Quoi qu’il en soit, revenu à Koupéla en tant qu’enseignant (il était alors à peine plus âgé que certains de ses élèves multi-redoublants), il ne quittera plus durablement sa ville et ses environs. Et il assumera successivement différentes fonctions : instituteur, directeur d’école, conseiller-formateur à la direction provinciale de l’éducation de base et de l’alphabétisation, préfet. Son passage de l’enseignement classique en français à la promotion de l’alphabétisation et de la formation des jeunes des villages dans leur langue locale était particulièrement symbolique de son enracinement sur le territoire de la province du Kourit-tenga. Il était fier de ce retour à ses origines.

Parallèlement, il s’investira sans discontinuer durant toutes ces années dans la vie politique locale, tissant sa toile au fil de ses affectations dans les villages qui gravitent autour de Koupéla. De sorte qu’il n’y a pas un village autour de la ville que Simplice ne connaissait pas. Il n’y a pas un hameau où il n’avait pas une connaissance ou un ami. Car, sans exagération aucune, c’était un génie des relations sociales qui aimait sincèrement les gens et nouait facilement des relations d’amitié. Il était impressionnant, par exemple, de voir à quel point il se sentait parfaitement dans son élément lorsqu’il se retrouvait dans un cabaret de village pour boire le dolo et raconter des histoires drôles. Cela a beaucoup servi sa popularité.

Les conversations que nous avions en famille avec lui montraient clairement qu’il détestait l’injustice sociale. C’était un révolutionnaire dans l’âme qui avait fait le choix de se battre, à l’intérieur des partis au pouvoir, pour faire concrètement avancer les choses au bénéfice de la population. Et ce, malgré certaines incompréhensions. Mais il n’était dupe de rien ! Il avait conscience qu’on ne peut pas plaire à tout le monde dans la vie, et encore moins en politique. Il venait d’une famille modeste et ne l’a jamais oublié. Raison pour laquelle d’ailleurs il se sentait parfaitement à l’aise avec nos concitoyens les plus modestes…

C’est le souvenir de ce Simplice-là qui nous habite au sein de la famille. Et nous n’oublions pas non plus son humour ravageur qui nous faisait rire aux larmes dans les discussions le soir ou lors des événements familiaux.

La disparition précoce de Simplice a rempli la famille, qui a maintenant des ramifications dans d’autres villes du Burkina Faso ainsi qu’à l’étranger, d’un immense chagrin.
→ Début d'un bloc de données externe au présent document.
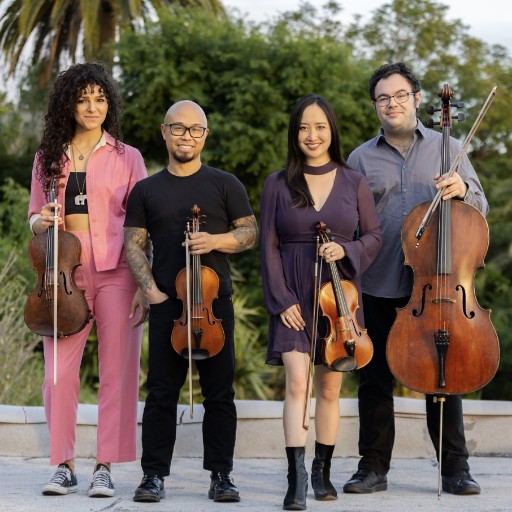 Vitamin String Quartet Louisville Tickets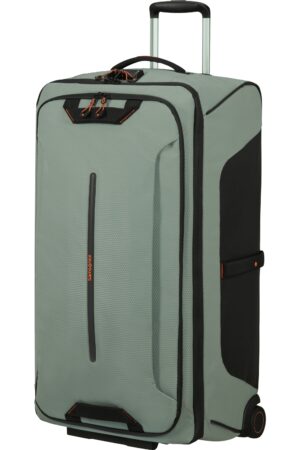Maleta ECODIVER Duflle/Wh 79 cm Light Sage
Mais la reconnaissance que la ville de Koupéla lui témoigne aujourd’hui en donnant son nom à une rue qu’il a empruntée de jour comme de nuit et à un bâtiment dont il a soutenu la construction atténue un tant soit peu notre peine. Nous pensons beaucoup à lui et aussi à nos parents décédés qui, de là où ils se trouvent aujourd’hui, ont sans doute suivi les cérémonies d’hommage.

Au nom de la famille et des habitants de Toulgou, je remercie très sincèrement l’actuel maire, Harouna TIROGO, qui a brillamment repris le flambeau à la tête de la ville. Je remercie également toute l’équipe municipale et tous les habitants de Koupéla pour leurs marques d’attention et de sympathie depuis la disparition de Simplice. De là où il est en ce moment, nul doute que, s’il a quelque pouvoir pour intervenir en faveur des habitants de sa ville, il continue et continuera de le faire.